(Data to process begins)

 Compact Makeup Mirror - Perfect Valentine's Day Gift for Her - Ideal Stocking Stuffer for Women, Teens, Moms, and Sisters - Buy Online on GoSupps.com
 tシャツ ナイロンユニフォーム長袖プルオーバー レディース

(Data to process ends)
(Data to process begins)

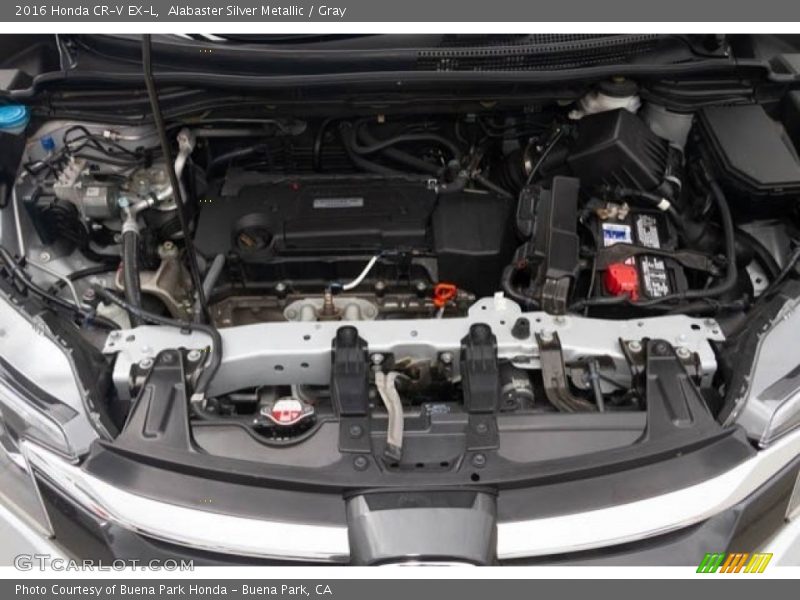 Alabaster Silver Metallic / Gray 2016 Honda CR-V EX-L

(Data to process ends)

The required answer is the run of lines above, starting at the line with "Compact Makeup Mirror" and ending at the line with "tシャツ ナイロンユニフォーム長袖プルオーバー レディース", reproduced exactly with both ends.

### Solution below
 Compact Makeup Mirror - Perfect Valentine's Day Gift for Her - Ideal Stocking Stuffer for Women, Teens, Moms, and Sisters - Buy Online on GoSupps.com
 tシャツ ナイロンユニフォーム長袖プルオーバー レディース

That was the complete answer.